▸ TASK REQUIREMENTS
Print this span of the material below exactly: the line with "YAPKOLV 24 Golden", the line with "Garuda Gold 0.005", and every line between them, but nothing else.

▸ PROVIDED RECORDS
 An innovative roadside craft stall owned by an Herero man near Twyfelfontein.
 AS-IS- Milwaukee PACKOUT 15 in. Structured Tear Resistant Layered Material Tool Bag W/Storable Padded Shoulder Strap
==
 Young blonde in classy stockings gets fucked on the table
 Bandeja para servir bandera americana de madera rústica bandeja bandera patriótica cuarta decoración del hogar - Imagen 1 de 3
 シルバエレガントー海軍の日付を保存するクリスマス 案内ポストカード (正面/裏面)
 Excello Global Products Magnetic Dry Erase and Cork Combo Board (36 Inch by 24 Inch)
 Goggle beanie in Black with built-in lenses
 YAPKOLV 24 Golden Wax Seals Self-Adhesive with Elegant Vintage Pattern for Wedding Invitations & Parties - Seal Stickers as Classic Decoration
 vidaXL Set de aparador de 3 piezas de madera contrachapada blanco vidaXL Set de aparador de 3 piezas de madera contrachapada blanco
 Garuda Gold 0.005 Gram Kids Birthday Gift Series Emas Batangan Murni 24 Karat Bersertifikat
==
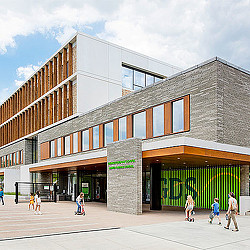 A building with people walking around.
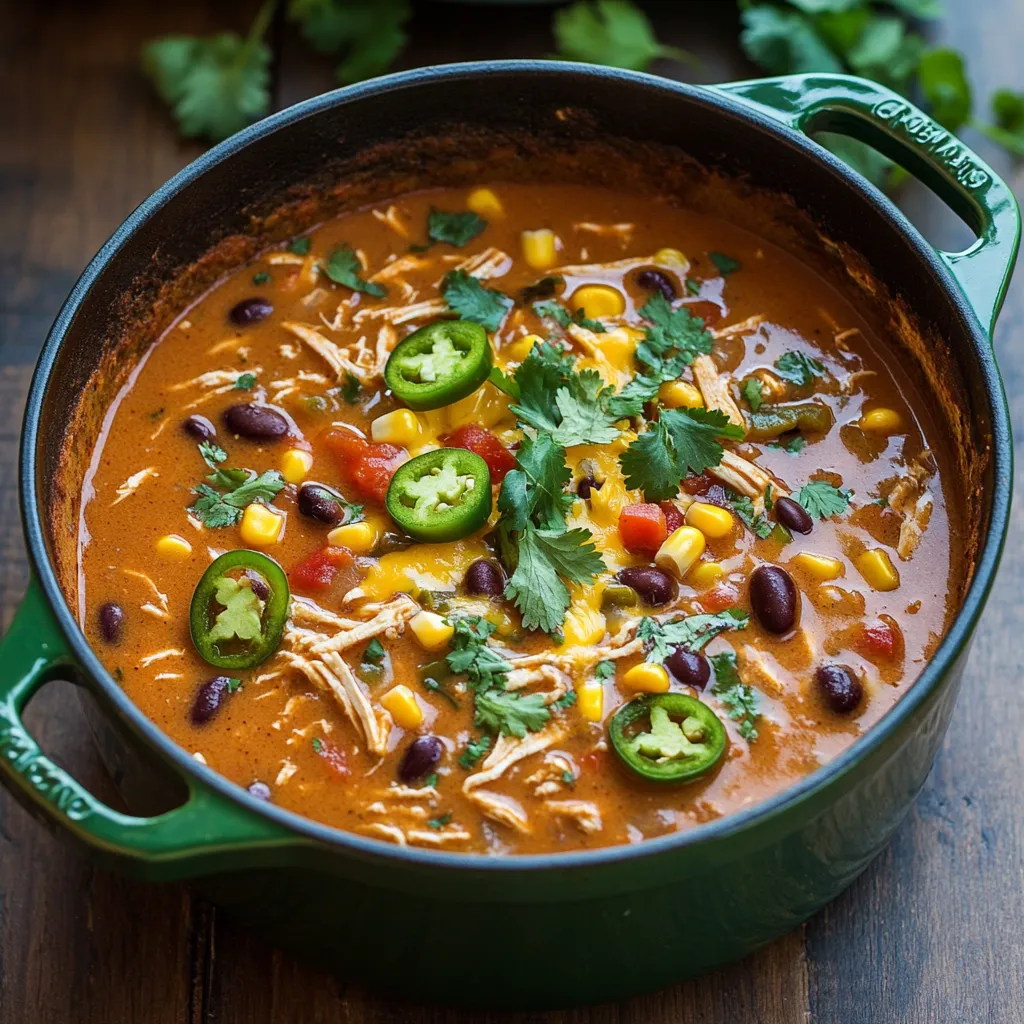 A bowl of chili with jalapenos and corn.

▸ WRITTEN REPLY
 YAPKOLV 24 Golden Wax Seals Self-Adhesive with Elegant Vintage Pattern for Wedding Invitations & Parties - Seal Stickers as Classic Decoration
 vidaXL Set de aparador de 3 piezas de madera contrachapada blanco vidaXL Set de aparador de 3 piezas de madera contrachapada blanco
 Garuda Gold 0.005 Gram Kids Birthday Gift Series Emas Batangan Murni 24 Karat Bersertifikat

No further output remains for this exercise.